Essential for solving right triangles.
The Formulas
SOH: sin(θ) = Opposite / Hypotenuse
CAH: cos(θ) = Adjacent / Hypotenuse
TOA: tan(θ) = Opposite / Adjacent
SOHCAHTOA is a mnemonic for remembering the three basic trigonometric ratios.
These ratios only apply to right triangles (triangles with a 90° angle).
Variables
| Term | Meaning |
|---|---|
| θ | The angle you are working with (not the 90° angle) |
| Opposite | The side across from angle θ |
| Adjacent | The side next to angle θ (not the hypotenuse) |
| Hypotenuse | The longest side (opposite the 90° angle) |
How to Choose the Right Ratio
- Identify the angle you are working with
- Label the three sides as Opposite, Adjacent, and Hypotenuse
- Pick the ratio that uses the two sides you know (or the side you know and the one you need)
Example 1
In a right triangle, the angle is 35° and the hypotenuse is 20. Find the opposite side.

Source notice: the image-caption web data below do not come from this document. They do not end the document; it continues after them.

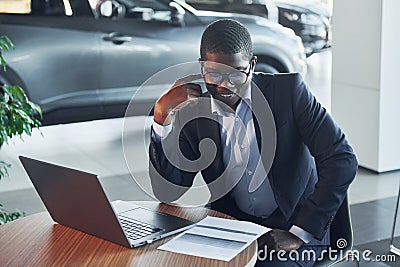 In glasses. Office worker is sitting in autosalon by table with laptop Stock Photo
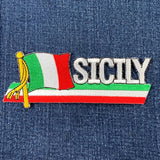 Embroidered patch with Italian flag design and 'SICILY' text on denim fabric.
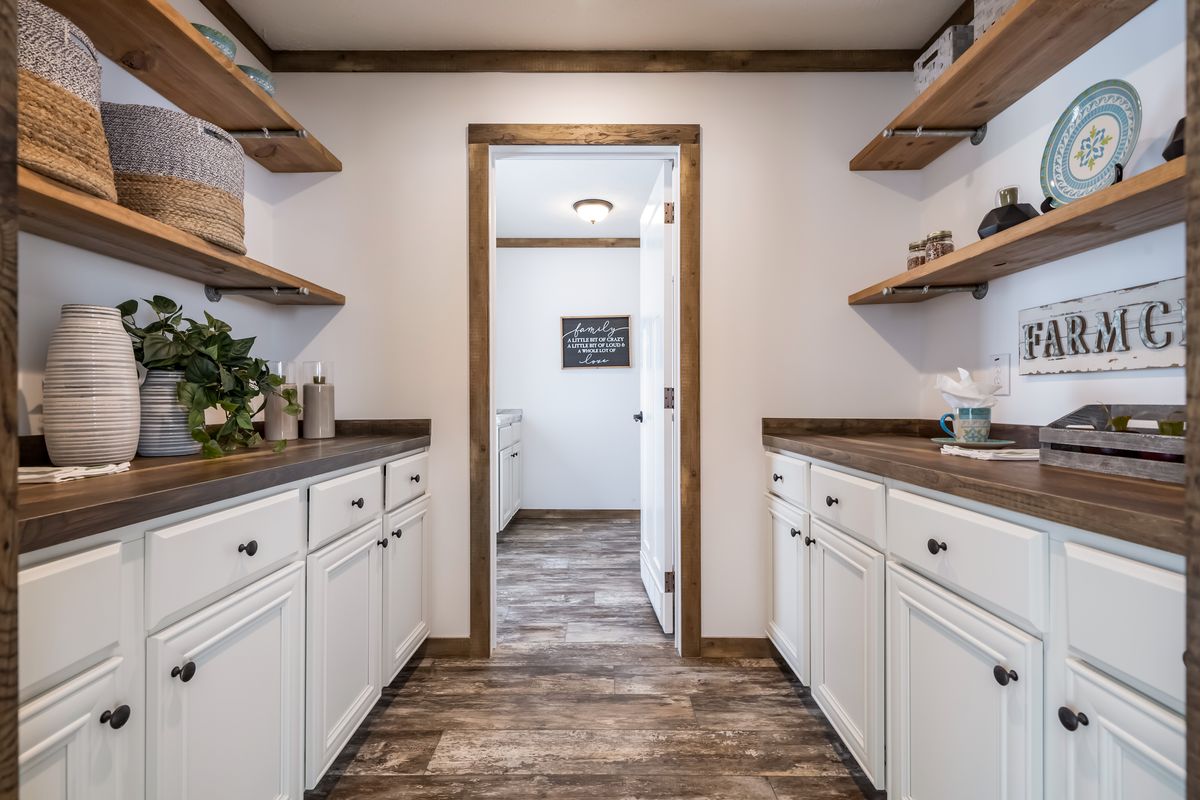 92ec8825-f477-48ae-9d77-77bceb857ff7 A small kitchen with white cabinets and wood floors.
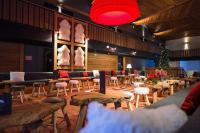 un restaurante con mesas y sillas y un árbol de Navidad en Marmotel & Spa, en Pra-Loup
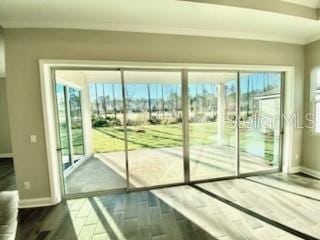 doorway with hardwood / wood-style floors, a wealth of natural light, and crown molding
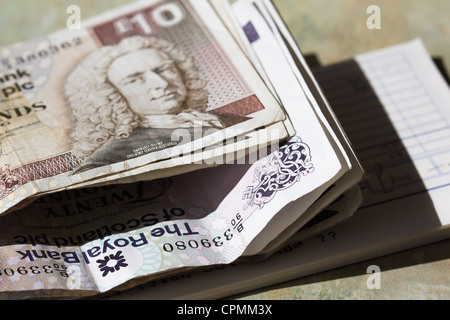Scottish bank notes with Bank pay in book for small business.. UK Stock Photo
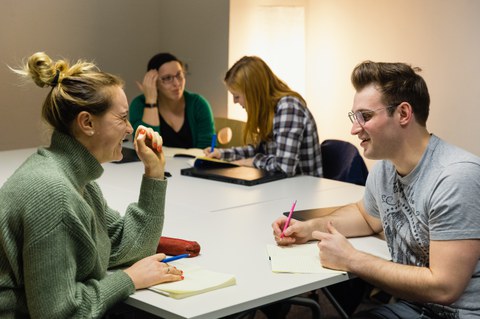 Vier Studierende sitzen an einem Tisch. Sie haben jeweils einen Block und einen Stift vor sich und sprechen in Zweiergruppen miteinander.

We know: angle = 35°, Hypotenuse = 20, we want Opposite
Use SOH: sin(35°) = Opposite / 20
Opposite = 20 × sin(35°) = 20 × 0.5736
Opposite ≈ 11.47
Example 2
A tree casts a shadow 15 m long. The angle of elevation to the top of the tree is 53°. How tall is the tree?
Adjacent = 15 m (shadow), angle = 53°, we want Opposite (tree height)
Use TOA: tan(53°) = Opposite / 15
Opposite = 15 × tan(53°) = 15 × 1.3270
The tree is approximately 19.91 m tall
When to Use It
Use SOHCAHTOA when:
- Working with a right triangle and you know one angle and one side
- Finding the height of objects using angles of elevation
- Calculating distances using angles of depression
- Solving any right triangle problem (for non-right triangles, use the Law of Sines or Law of Cosines)
Key Notes
- Mnemonic: SOH-CAH-TOA: sin θ = Opposite/Hypotenuse; cos θ = Adjacent/Hypotenuse; tan θ = Opposite/Adjacent. These ratios apply only in right triangles and only for the acute angles (not the 90° angle itself). The hypotenuse is always opposite the right angle.
- Which angle determines "opposite" and "adjacent": Opposite and adjacent are relative to the angle being evaluated, not fixed sides of the triangle. For angle A, the opposite side is the one not touching angle A; the adjacent side is the one touching A that is not the hypotenuse.
- Finding angles with inverse trig: If sinθ = 0.5, then θ = arcsin(0.5) = 30°. Always check the context — arcsin returns values in [−90°, 90°], so the supplementary angle (180° − 30° = 150°) may also be a valid solution depending on the triangle's configuration.
- Extension to the unit circle: For any angle (not just acute), sin θ and cos θ are the y and x coordinates of the corresponding point on the unit circle. SOH-CAH-TOA is the special case for acute angles in a right triangle — consistent with but less general than the unit circle definition.
- Applications: SOHCAHTOA is used to find unknown sides or angles in right triangles: building heights (shadow and angle of elevation), GPS triangulation, ramp slope angles, staircase design (rise/run angle), navigation bearings, and as the entry point to all trigonometric reasoning in physics and engineering.